DETAILED DESCRIPTION OF THE PREFERRED EMBODIMENTS
FIG. 1 shows an exemplary embodiment of a nozzle opening arrangement of an
ink jet recording head of the present invention. Nozzle plate 130 includes
six arrays of nozzle openings A, B, C, D, E, F. The nozzle openings 1, 7,
13, 19 and 25 of the first array A are positioned closest to the center
line of the nozzle plate 130. Nozzle openings 2, 8, 14, 20 and 26 of the
second array B are positioned close to one lateral end of the nozzle plate
130, for example, at the left end, and the nozzle openings 3, 9, 15, 21
and 27 of the third array C are positioned between the first array A and
the second array B.
Nozzle openings 4, 10, 16, 22 and 28 of the fourth array D are positioned
on a side of the first nozzle opening array A opposite to the side at
which the third array is positioned.
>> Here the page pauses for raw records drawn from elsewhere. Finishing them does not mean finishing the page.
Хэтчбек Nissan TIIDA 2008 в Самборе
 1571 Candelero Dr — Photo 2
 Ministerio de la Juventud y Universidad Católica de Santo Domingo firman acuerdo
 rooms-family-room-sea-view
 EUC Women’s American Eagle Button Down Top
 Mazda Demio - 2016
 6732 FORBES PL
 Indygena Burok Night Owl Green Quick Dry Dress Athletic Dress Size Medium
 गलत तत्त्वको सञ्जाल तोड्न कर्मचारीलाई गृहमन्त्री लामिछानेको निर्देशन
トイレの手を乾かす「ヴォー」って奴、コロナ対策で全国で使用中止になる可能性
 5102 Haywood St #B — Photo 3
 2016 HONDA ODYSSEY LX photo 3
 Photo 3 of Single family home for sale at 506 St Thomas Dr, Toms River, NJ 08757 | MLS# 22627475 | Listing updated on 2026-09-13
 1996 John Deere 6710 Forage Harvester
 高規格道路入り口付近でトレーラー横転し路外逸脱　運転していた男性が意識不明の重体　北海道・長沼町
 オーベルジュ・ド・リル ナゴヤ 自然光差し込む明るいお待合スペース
The nozzle openings 5, 11, 17, 23 and
29 of the fifth array E are positioned closest to the lateral end opposite
to the lateral end at which the second array B is positioned, for example,
the right end. Finally, the nozzle openings 6, 12, 18, 24 and 30 of the
sixth array E are positioned closest to the fifth nozzle opening array E.
These nozzle opening arrays are divided into three groups. The first nozzle
opening array A and the fourth nozzle opening array D constitute a first
group 201. The second and third nozzle opening arrays B and C constitute a
second group 202. The fifth and sixth nozzle opening arrays E and F
constitute a third group 203. The nozzle openings of the respective groups
201, 202 and 203 communicate with the ink jet recording head unit, as
shown in FIGS. 2, 3A and 3B, so that the nozzle openings are supplied with
ink to be jetted.
The nozzle openings 1, 4, 7, 10, 13, 16, 19, 22, 25 and 28 of the first
group 201 are arranged at a pitch of three dots apart in an auxiliary
scanning direction, that is, in the vertical direction as viewed in FIG.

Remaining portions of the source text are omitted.